The report further stated: “Higher tax revenues would reduce government borrowing and encourage financial institutions to offer funds at lower interest rates, thereby boosting the real economy and economic diversification.”
The report reiterated Nigeria’s potential advantages for future growth to include a large consumer market, a strategic geographic location as a hub for Africa, and a young and entrepreneurial population. It added: “The first step in harnessing these opportunities requires deliberate efforts to improve value-adding activity in the non-oil economy, particularly in agriculture and the services sectors”
On corruption, the report stated: “If Nigeria reduces corruption there would be a significant opportunity to boost GDP levels. For example, if corruption in Nigeria could be reduced in the long-run to estimated levels in Malaysia, we estimate that annual GDP could rise by over $500 billion by 2030. Deliberate efforts to reduce corruption will complement the Nigerian government’s diversification drive.”
On ease in doing business in Nigeria PwC stated: “A weak business environment is holding back Nigeria’s economic growth potential and slowing down the pace of development. Nigeria ranked 169th out of 190 countries in the World Bank’s 2017 Ease of Doing Business Index, lower than Niger, Madagascar and Sierra Leone.
“Other than protecting minority investors and getting credit, Nigeria ranks low on all other indicators and will need to particularly focus on improving electricity supply, simplifying the tax collection process and improving trading across borders so as to leverage its position as the hub of West Africa.”
On labour and productivity, the report stated: “Nigeria has the advantage of a large workforce of over 70 million, but the majority are under-skilled.
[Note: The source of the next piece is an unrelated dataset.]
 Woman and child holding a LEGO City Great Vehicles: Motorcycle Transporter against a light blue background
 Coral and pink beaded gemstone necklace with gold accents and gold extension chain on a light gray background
It is imperative to equip workers with the skills needed to keep pace with an economy in transition like Nigeria. Average productivity of a worker in Nigeria is very low at US$3.24/hr relative to US$19.68/hr in South Africa and US$29.34/hr in Turkey.”
Meanwhile, the report also projected the global economic growth to average around 3.5 per cent per annum over the years to 2020, slowing down to around 2.7 per cent in the 2020s.
They economists stated that the emerging market growth rates will moderate as these economies mature and the scope for rapid catch-up growth declines.
According to report: “All of these portend challenges for policy makers. In order to realise their great potential, emerging economies must undertake sustained and effective investment in education, infrastructure and technology. The fall in oil prices from mid-2014 to early 2016 highlighted the importance of more diversified emerging economies for long-term sustainable growth.”